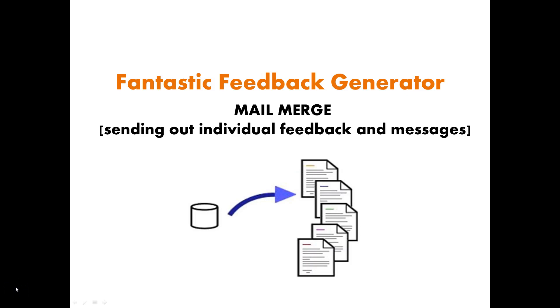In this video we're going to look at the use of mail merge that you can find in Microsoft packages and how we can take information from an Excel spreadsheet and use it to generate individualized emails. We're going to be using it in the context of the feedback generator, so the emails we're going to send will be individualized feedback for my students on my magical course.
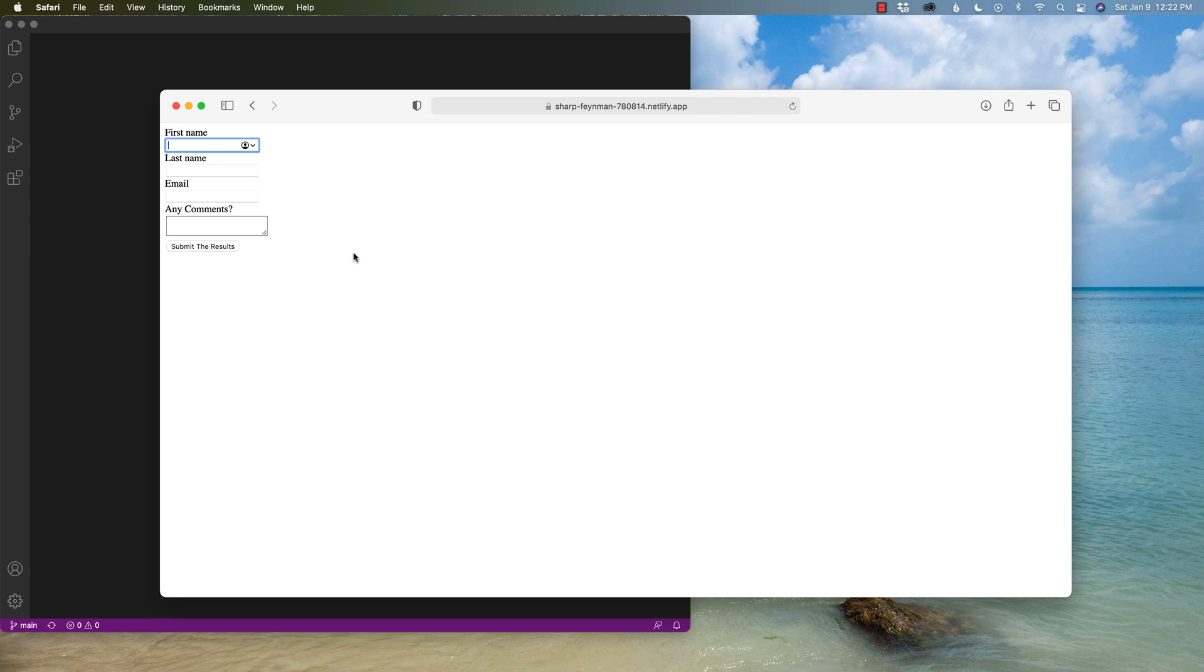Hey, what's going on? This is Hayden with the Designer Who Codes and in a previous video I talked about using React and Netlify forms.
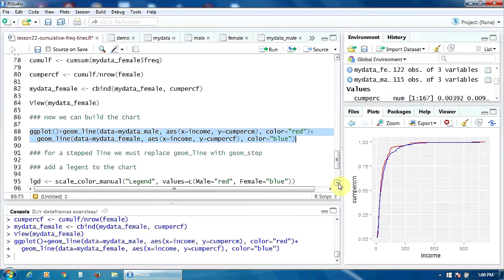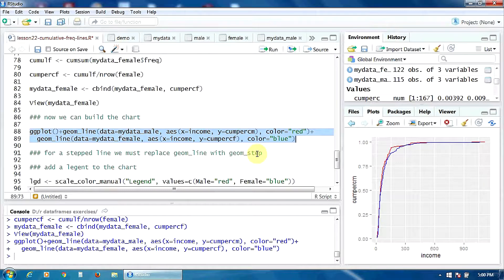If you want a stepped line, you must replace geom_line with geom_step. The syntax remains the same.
------------------------
THE PROBLEM -> Reproduce the material above exactly, but only from the line with "Hey, what's going" through its last line, leaving pictures out.

WRITTEN ANSWER ->
Hey, what's going on? This is Hayden with the Designer Who Codes and in a previous video I talked about using React and Netlify forms.
If you want a stepped line, you must replace geom_line with geom_step. The syntax remains the same.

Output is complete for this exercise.